The Rev Dr Frank Sellar: installed as moderator of the Presbyterian Church
Two of the largest entities in Irish Catholicism will join forces this week to become the Association of Missionaries and Religious of Ireland (Amri). It involves the amalgamation of the Irish Missionary Union (IMU) and the Conference of Religious of Ireland (Cori). It will be based at Cypress Grove, in Templeogue, Dublin.
Fr Hugh MacMahon of the IMU told The Irish Times that talks about amalgamation had been going on for about three years but had been speeded up in the last 12 months.
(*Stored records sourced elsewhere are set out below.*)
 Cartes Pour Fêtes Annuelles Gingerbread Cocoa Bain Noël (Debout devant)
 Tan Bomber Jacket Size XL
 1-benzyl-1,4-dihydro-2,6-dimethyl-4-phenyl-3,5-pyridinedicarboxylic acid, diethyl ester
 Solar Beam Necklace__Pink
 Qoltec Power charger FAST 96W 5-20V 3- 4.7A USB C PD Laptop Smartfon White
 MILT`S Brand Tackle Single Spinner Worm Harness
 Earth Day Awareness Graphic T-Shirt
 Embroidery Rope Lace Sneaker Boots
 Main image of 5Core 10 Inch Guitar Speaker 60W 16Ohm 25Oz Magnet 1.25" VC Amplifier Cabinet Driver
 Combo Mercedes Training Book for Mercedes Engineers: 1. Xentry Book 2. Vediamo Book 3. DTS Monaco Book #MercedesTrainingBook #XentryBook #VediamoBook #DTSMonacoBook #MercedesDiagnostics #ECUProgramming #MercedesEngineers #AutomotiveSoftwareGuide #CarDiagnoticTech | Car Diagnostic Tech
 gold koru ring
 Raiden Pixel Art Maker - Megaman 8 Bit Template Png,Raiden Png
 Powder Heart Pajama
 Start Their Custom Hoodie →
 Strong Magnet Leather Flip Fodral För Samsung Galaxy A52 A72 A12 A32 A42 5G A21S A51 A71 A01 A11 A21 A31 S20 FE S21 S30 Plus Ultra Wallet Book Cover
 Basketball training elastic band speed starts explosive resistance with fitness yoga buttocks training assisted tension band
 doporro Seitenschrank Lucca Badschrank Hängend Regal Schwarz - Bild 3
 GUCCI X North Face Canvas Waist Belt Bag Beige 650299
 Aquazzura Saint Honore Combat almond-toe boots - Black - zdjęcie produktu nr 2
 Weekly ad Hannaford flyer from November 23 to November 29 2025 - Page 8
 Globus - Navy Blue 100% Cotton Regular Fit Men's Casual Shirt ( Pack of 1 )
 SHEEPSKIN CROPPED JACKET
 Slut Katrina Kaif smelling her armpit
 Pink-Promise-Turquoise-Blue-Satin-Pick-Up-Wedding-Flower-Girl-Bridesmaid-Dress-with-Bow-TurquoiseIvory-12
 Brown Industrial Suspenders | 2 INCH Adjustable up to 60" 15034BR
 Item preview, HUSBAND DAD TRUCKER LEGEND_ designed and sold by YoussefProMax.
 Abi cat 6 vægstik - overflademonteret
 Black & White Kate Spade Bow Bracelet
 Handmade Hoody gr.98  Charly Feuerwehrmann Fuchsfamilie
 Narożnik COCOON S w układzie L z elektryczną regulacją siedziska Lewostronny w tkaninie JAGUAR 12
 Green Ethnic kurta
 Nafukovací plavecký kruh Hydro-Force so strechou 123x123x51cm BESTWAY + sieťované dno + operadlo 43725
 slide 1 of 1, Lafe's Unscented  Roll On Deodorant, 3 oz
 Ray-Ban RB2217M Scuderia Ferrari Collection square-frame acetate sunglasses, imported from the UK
Legally, civil and canonical issues may take up to six more months to resolve, he said, but Amri would be set up from next Friday and begin operations following a meeting today.
“A new general secretary will be appointed,” Fr MacMahon added, but a temporary appointment was expected to be made at today’s meeting. “Up to 80 per cent of IMU members are already in Cori,” he said, and that amalgamation made sense for other practical reasons such as “personnel, resources and finances”. It was “also an opportunity to set up a fresh organisation more adapted to the Irish situation and the changes in Ireland today”.
Cori was set up in 1983 as the Conference of Major Religious Superiors (CMRS) through the amalgamation of the two s conferences of men and women religious. It changed its name to the Conference of Religious of Ireland in the 1990s. It has been suggested this was in response to a comment in the Dáil made in March 1990 by then taoiseach Charles Haughey who, dismissing a CMRS report on poverty, said he was “always a bit doubtful about any organisation that has ‘major’ and ‘superior’ in its title”.
Today, Cori has a membership of 136 religious congregations which represent more than 9,000 men and women religious in Ireland and abroad.
The IMU was set up in 1970. Currently, it has 1,500 members. Both organisations have an ageing membership, with the average age in the early 70s.
On Monday evening, the Presbyterian Church’s annual general assembly took place in Belfast, at which its outgoing moderator, the Rev Dr Ian McNie, said the church should not “retreat into the trenches” in the face of challenges. It “needs to step out into our world, proclaiming this message of God’s amazing grace with a conviction that is credible”.
Dr McNie was speaking as the new moderator, the Rev Dr Frank Sellar, was installed. Dr Sellar said there were “many good reasons why we may legitimately fear and hold grudges against those who wish us harm, but the Gospel tells us that perfect love casts out fear and where Jesus is present, fear is driven away”.